Because we can store the whole operation in a single expression, we can combine several window functions and even combine different groups!

Polars will cache window expressions that are applied over the same group, so storing them in a single select is both convenient and optimal.

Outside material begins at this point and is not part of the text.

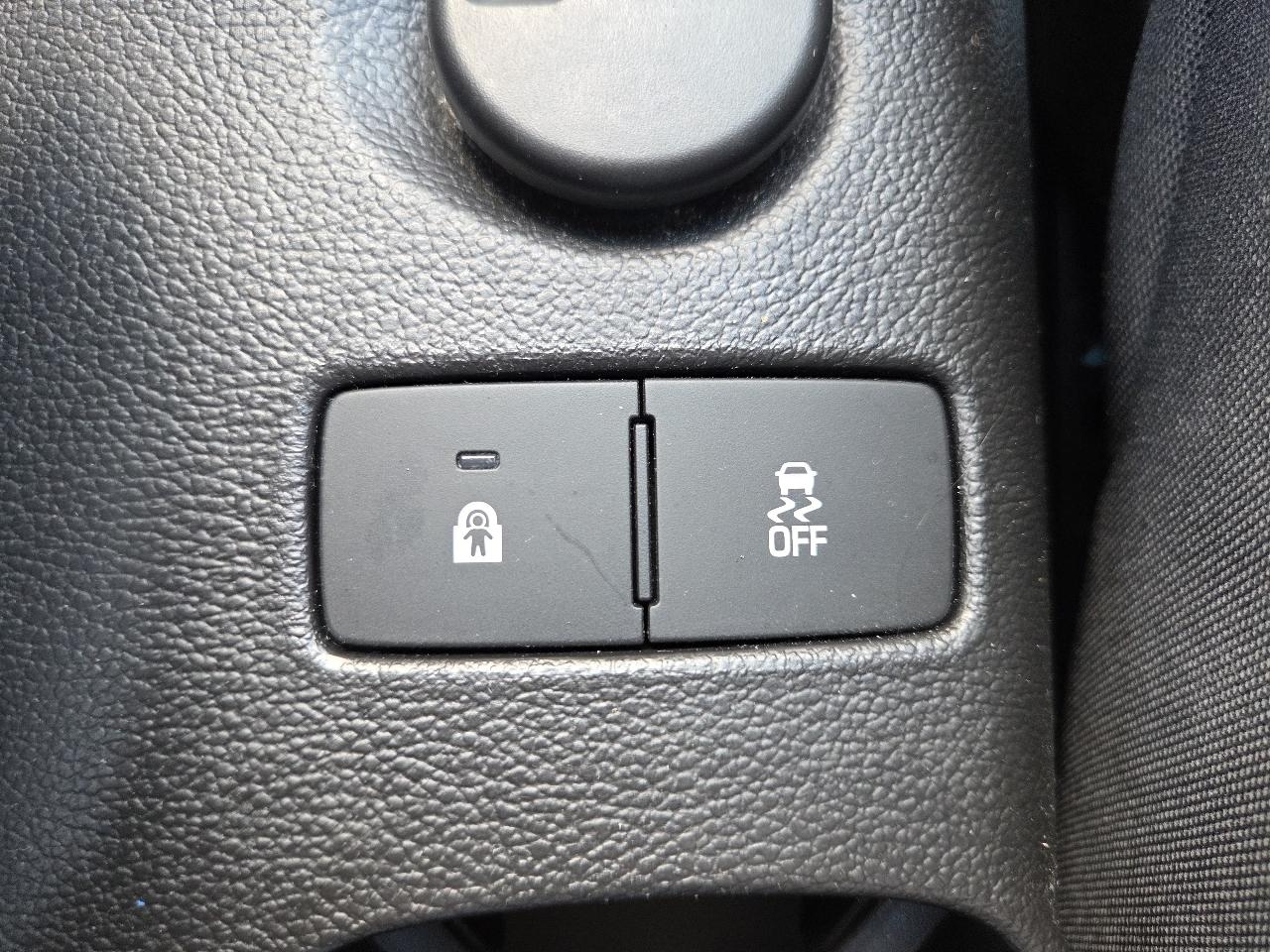 Chevrolet Sonic LT Auto 5-Door 2013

In the following example we look at a case where we are calculating group statistics over "c" twice:

df.select([
    pl.all(),
    pl.col("c").count().over("c").alias("size"),
    pl.col("c").sum().over("type").alias("sum"),
    pl.col("c").reverse().over("c").flatten().alias("reverse_type")
])
shape: (7, 5)
┌─────┬──────┬──────┬─────┬──────────────┐
│ c   ┆ type ┆ size ┆ sum ┆ reverse_type │
│ --- ┆ ---  ┆ ---  ┆ --- ┆ ---          │
│ i64 ┆ str  ┆ u32  ┆ i64 ┆ i64          │
╞═════╪══════╪══════╪═════╪══════════════╡
│ 1   ┆ m    ┆ 3    ┆ 5   ┆ 2            │
├╌╌╌╌╌┼╌╌╌╌╌╌┼╌╌╌╌╌╌┼╌╌╌╌╌┼╌╌╌╌╌╌╌╌╌╌╌╌╌╌┤
│ 1   ┆ n    ┆ 3    ┆ 5   ┆ 2            │
├╌╌╌╌╌┼╌╌╌╌╌╌┼╌╌╌╌╌╌┼╌╌╌╌╌┼╌╌╌╌╌╌╌╌╌╌╌╌╌╌┤
│ 1   ┆ o    ┆ 3    ┆ 1   ┆ 2            │
├╌╌╌╌╌┼╌╌╌╌╌╌┼╌╌╌╌╌╌┼╌╌╌╌╌┼╌╌╌╌╌╌╌╌╌╌╌╌╌╌┤
│ 2   ┆ m    ┆ 4    ┆ 5   ┆ 2            │
├╌╌╌╌╌┼╌╌╌╌╌╌┼╌╌╌╌╌╌┼╌╌╌╌╌┼╌╌╌╌╌╌╌╌╌╌╌╌╌╌┤
│ 2   ┆ m    ┆ 4    ┆ 5   ┆ 1            │
├╌╌╌╌╌┼╌╌╌╌╌╌┼╌╌╌╌╌╌┼╌╌╌╌╌┼╌╌╌╌╌╌╌╌╌╌╌╌╌╌┤
│ 2   ┆ n    ┆ 4    ┆ 5   ┆ 1            │
├╌╌╌╌╌┼╌╌╌╌╌╌┼╌╌╌╌╌╌┼╌╌╌╌╌┼╌╌╌╌╌╌╌╌╌╌╌╌╌╌┤
│ 2   ┆ n    ┆ 4    ┆ 5   ┆ 1            │
└─────┴──────┴──────┴─────┴──────────────┘